Les gilets de sauvetage et les maillots de bain sont enfilés. Pourtant, la température n’est pas très estivale pour cette trentaine d’écoliers originaire de Valenton. Âgés de dix ans, ils n’avaient jamais entendu parler de ski nautique avant, jeudi 7 septembre, de se lancer sur l’eau.
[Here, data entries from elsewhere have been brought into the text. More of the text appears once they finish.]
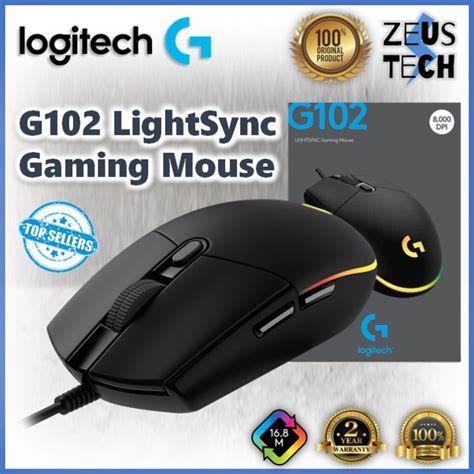 Logitech G102 LightSync Gaming Mouse Black USB Wired with Customizable ...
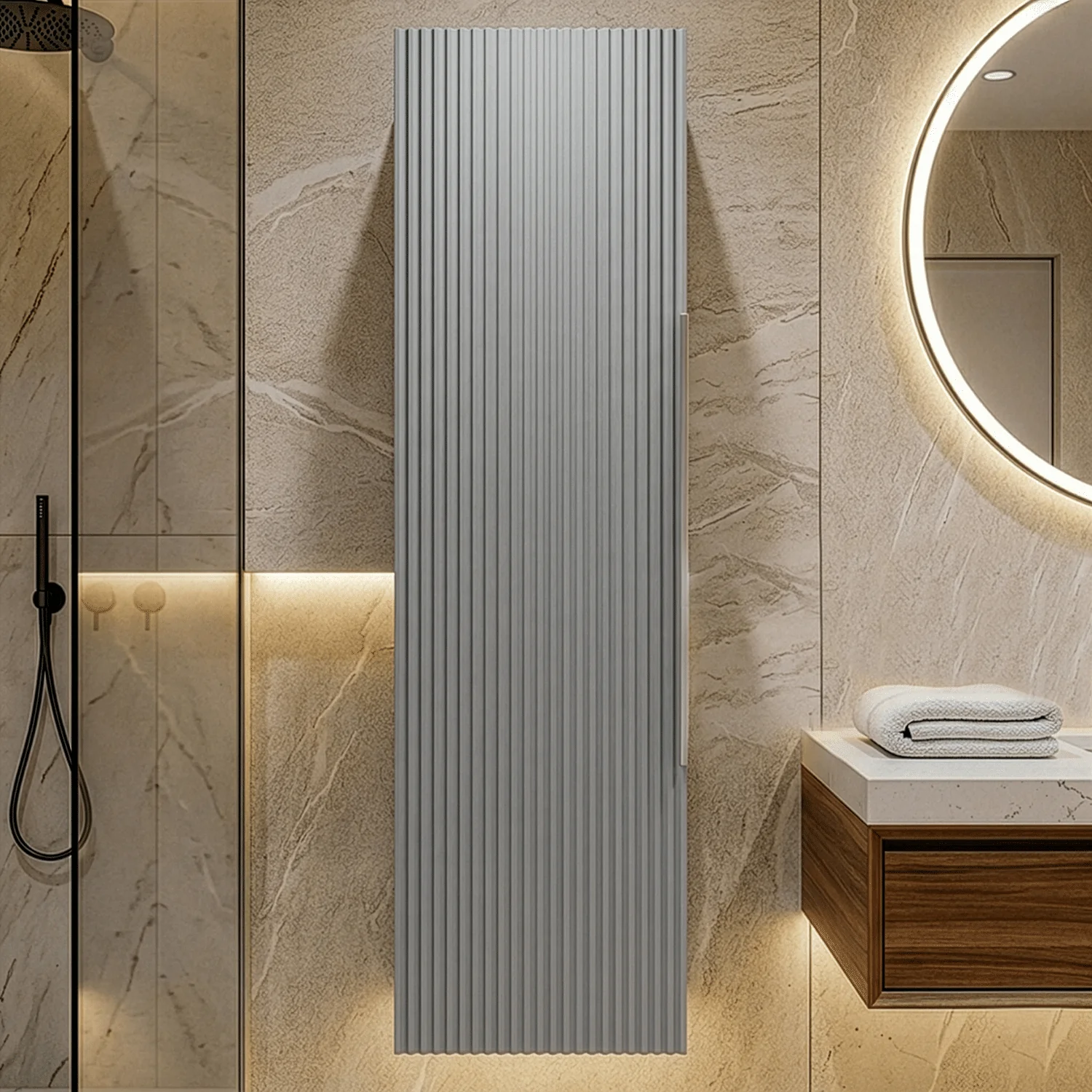 Tixall Fluted Wall Hung Tall Bathroom Storage Unit, 400mm, Multiple Colours and Handle Options - Image 7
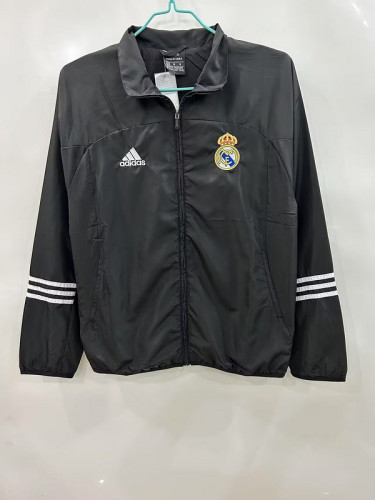 2025-2026 Real Madrid Black/White Soccer Windbreaker Jacket Football Jacket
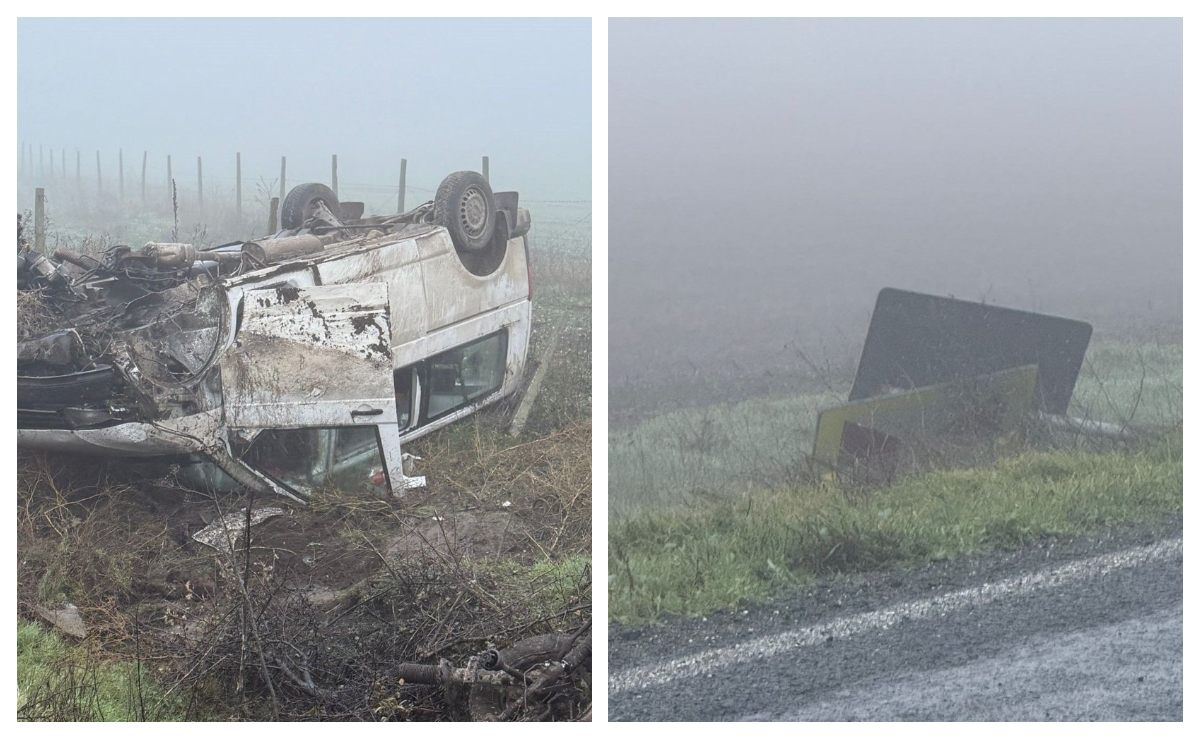 Microbuz plin cu pasageri, răsturnat în județul Constanța. Medicii au sosit de urgență la fața locului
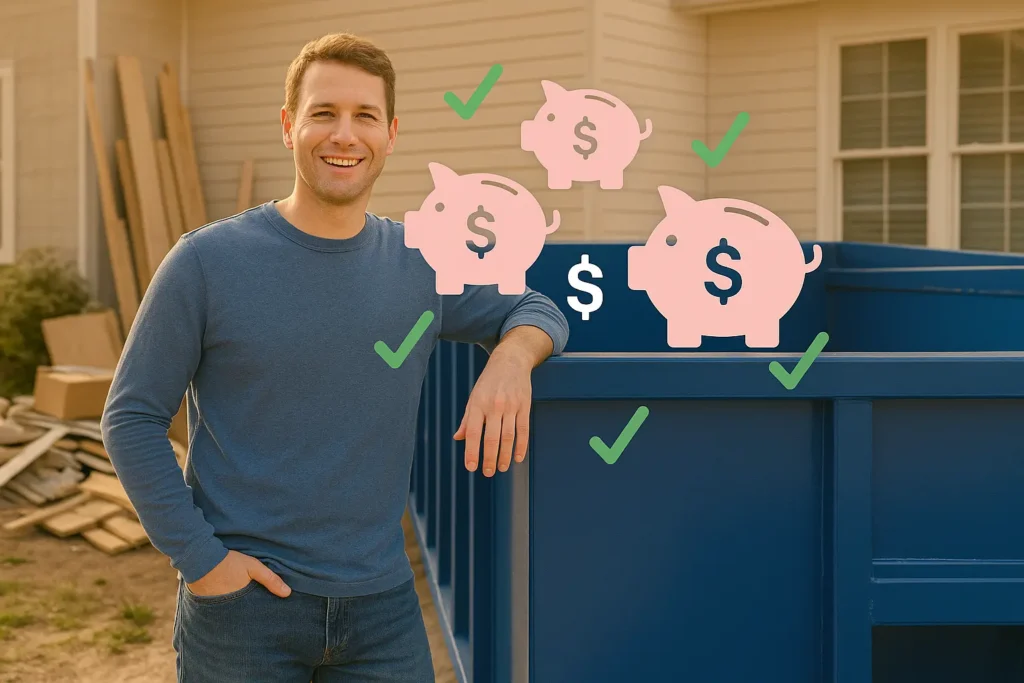 a smiling homeowner leaning against a blue dumpster rental with piggy bank graphics indicating he is saving money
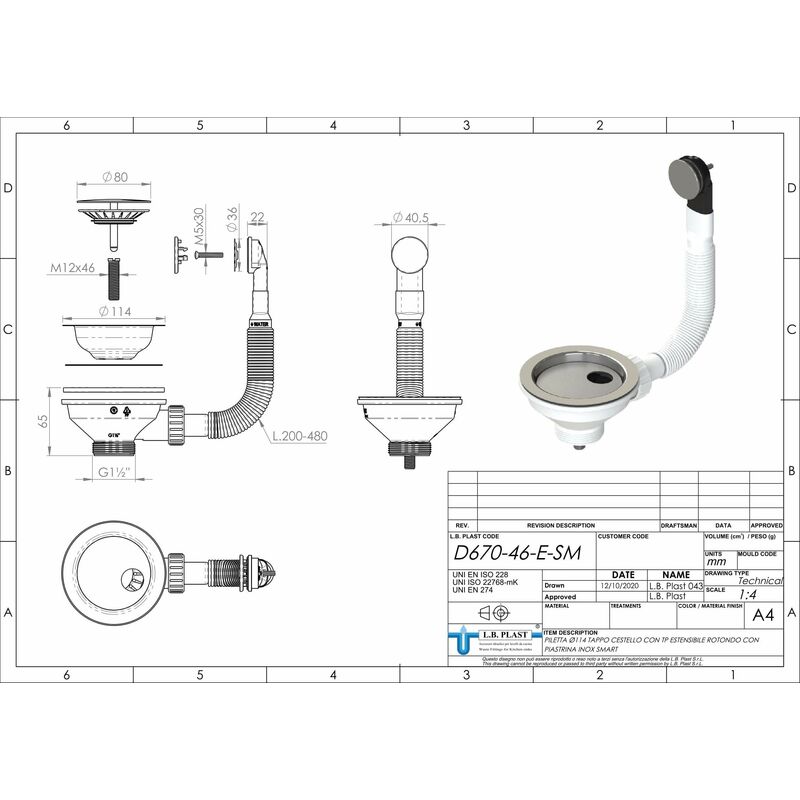 SIFONI e PILETTE : Piletta basket lavello cucina foro 90 mm con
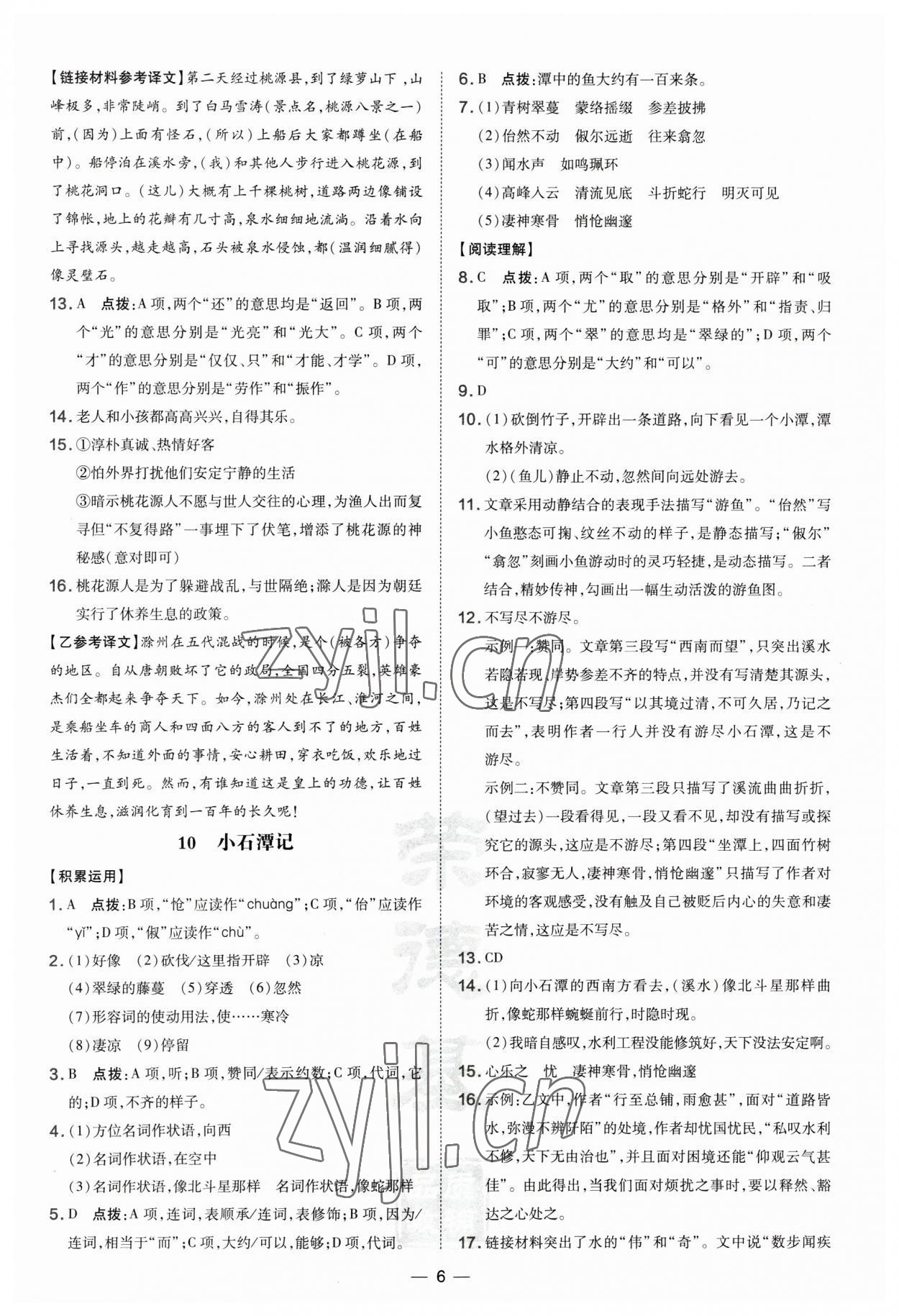 2023年點撥訓(xùn)練八年級語文下冊人教版河南專版 參考答案第6頁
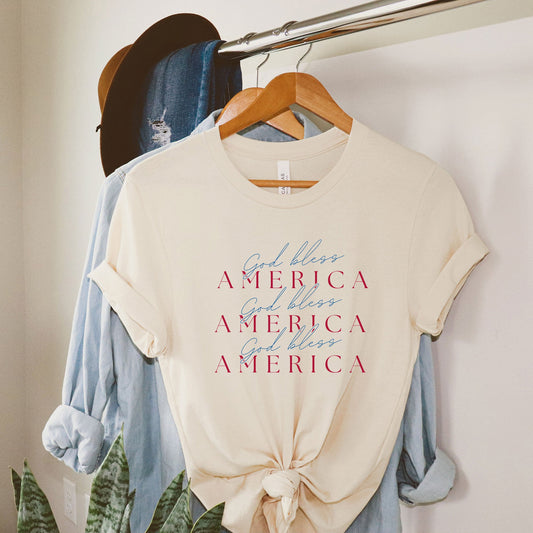 God Bless America Stacked | Short Sleeve Crew Neck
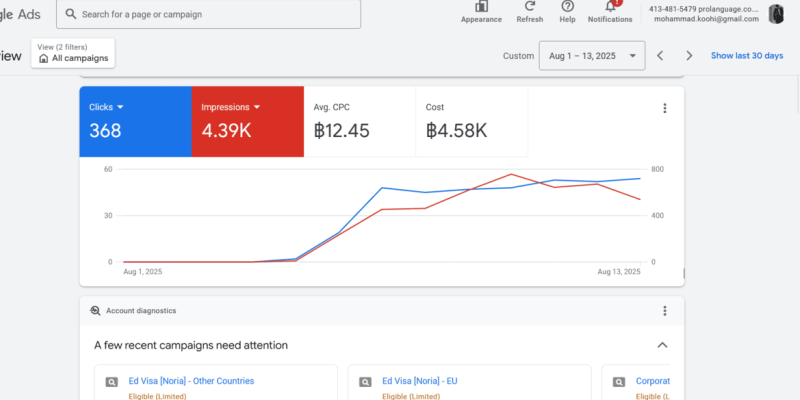 Prolanguage Google Ads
Depuis un mois et demi et jusqu’au dimanche 10 septembre, 2 000 enfants auront ainsi découvert un sport que l’on associe plus volontiers à la Floride ou à la Côte d’Azur qu’à la banlieue parisienne.

Sur le plan d’eau du Parc départemental des sports de Paris Val-de-Marne, sur la commune de Choisy-le-Roi, pendant qu’à 800 mètres, les plus grands champions venus des États-Unis, d’Australie ou de la France entière slaloment, sautent et rivalisent de prouesses techniques lors de la 35e édition des Mondiaux de ski nautique, les élèves s’initient à la glisse sur l’eau. Avant cela, ils ont assisté en spectateurs aux exploits des skieurs. De quoi impressionner Chris-Emmanuel, dix ans : « J’ai halluciné. Quand j’ai vu les vagues, puis la Française tombée [Ambre Franc qui s’est qualifiée pour la finale du slalom], j’ai dit olalala. »

D’autant que la plupart de ces écoliers, scolarisés en REP (Réseau d’éducation prioritaire) ne savent même pas nager, comme l’explique le directeur de l’école Marcel Cachan, Patrick Advedissian : « Il y a très peu de natation dans notre ville. J’étais sceptique car le ski nautique me semblait aussi très technique. Grâce au baby-ski, les élèves ont 100 % de réussite. Au bout de deux minutes, ils lâchent une main et nous font coucou. » Chris-Emmanuel, très enthousiaste, décrit le dispositif : « Quand tu t’habitues, tu peux commencer à aller plus vite. Tu te tiens à une barre, le bateau te fait tourner. C’est comme si tu marchais sur l’eau ! » Pour Eliane, sa camarade, ça s’est aussi bien passé malgré « un peu de peur au début. »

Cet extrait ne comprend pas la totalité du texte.